RECORDS FOR THE TASK:

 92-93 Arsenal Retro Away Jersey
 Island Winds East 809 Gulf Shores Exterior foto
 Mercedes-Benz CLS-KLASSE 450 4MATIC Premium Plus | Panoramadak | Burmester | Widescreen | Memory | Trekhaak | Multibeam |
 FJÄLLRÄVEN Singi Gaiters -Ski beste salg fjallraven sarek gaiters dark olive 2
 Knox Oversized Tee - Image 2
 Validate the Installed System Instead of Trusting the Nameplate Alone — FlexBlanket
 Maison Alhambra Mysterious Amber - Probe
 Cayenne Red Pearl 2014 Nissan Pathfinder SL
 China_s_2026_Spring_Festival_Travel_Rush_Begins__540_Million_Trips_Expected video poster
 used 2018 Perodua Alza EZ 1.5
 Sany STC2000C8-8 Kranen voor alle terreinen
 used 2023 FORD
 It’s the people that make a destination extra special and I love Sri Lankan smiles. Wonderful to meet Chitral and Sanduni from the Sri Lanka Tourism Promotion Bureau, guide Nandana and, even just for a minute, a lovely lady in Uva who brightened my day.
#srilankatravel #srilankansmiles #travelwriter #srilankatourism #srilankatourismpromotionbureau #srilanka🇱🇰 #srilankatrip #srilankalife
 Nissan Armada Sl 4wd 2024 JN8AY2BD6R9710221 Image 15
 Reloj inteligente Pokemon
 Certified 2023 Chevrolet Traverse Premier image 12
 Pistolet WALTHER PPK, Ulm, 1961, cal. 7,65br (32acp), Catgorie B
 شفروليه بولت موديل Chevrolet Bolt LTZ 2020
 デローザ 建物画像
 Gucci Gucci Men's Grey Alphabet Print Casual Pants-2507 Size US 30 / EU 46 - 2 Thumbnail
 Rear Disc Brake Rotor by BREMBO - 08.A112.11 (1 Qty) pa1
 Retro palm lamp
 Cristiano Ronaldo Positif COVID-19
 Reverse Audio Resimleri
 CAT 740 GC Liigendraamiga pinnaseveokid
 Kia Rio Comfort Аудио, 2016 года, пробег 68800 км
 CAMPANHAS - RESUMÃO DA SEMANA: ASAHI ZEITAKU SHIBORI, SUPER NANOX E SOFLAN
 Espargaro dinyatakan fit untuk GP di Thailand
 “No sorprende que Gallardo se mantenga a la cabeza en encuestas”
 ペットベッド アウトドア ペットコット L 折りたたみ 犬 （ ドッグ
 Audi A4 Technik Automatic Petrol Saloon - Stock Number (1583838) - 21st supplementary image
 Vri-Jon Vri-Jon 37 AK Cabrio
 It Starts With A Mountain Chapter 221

INSTRUCTIONS TO FOLLOW:
Tell how many lines in the material contain the word "Chevrolet". Only the number is wanted.

RESPONSE TO THE EXERCISE:
2